Selama hampir 18 tahun tidak ada pembangunan bendungan, pengairan, jalan desa yang menghubungkan sentra hasil pertanian dengan kota dan pelabuhan. Hasilnya Indonesia menjadi importir semua jenis kebutuhan dalam negeri seperti beras, jagung, kedelai, buah-buahan, garam dan lain-lain. Dampak negatifnya, devisa kita terkuras untuk membayar barang-barang konsumsi yang didatangkan dari luar negeri, yang sejatinya bisa diproduksi sendiri bangsa Indonesia, sehingga dapat dikatakan, kita membangun bukan semakin memperkaya petani dan bangsa Indonesia, tetapi semakin memperkaya petani dan bangsa lain.
Kedua, pemerintah mempunyai dana untuk membangun kesehatan masyarakat dan sumber daya manusia (SDM) yang berkualitas supaya kuat dan dan mampu bersaing di pentas nasional dan global.
Kita tahu bahwa MPR dalam amandemen UUD 1945 telah menetapkan anggaran pendidikan sebesar 20 persen dari APBN dan APBD. Akan tetapi, anggaran pendidikan tetap belum cukup untuk membiayai pendidikan di semua sekolah terutama di sekolah swasta. Pemerintah hanya mampu mendanai sekolah negeri, sementara sekolah swasta terabaikan. Padahal anak-anak dari masyarakat bawah, pada umumnya sekolah di swasta karena tidak mampu bersaing untuk masuk di sekolah negeri.
Maka kartu Indonesia pintar (KIP) merupakan upaya memeratakan pendidikan bagi semua, serta kartu Indonesia sehat (KIS) adalah upaya untuk memeratakan kesehatan.
Ketiga, bisa mengurangi tekanan defisit anggaran yang selalu ditutup dengan utang baru.
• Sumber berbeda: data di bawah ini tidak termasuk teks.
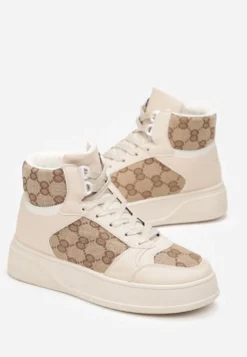 Beżowe Sneakersy na Grubej Podeszwie za Kostkę Melainthe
Selama Presiden SBY berkuasa 10 tahun, defisit anggaran selalu ditutup dengan utang baru. Maka tidak mengherankan, jika jumlah luar negeri Indonesia di akhir pemerintahan SBY telah mencapai Rp 2.277 triliun (Seknas Fitra, 19/1/2014).
Sebagai informasi, selama Presiden SBY berkuasa telah mewariskan utang sebesar Rp 1,299 triliun (Merdeka.com. 9 Juli 2014).
Indonesia Mandiri
Terobosan yang dilakukan Presiden Jokowi dan Wapres JK dengan menaikkan harga BBM terasa berat bagi rakyat.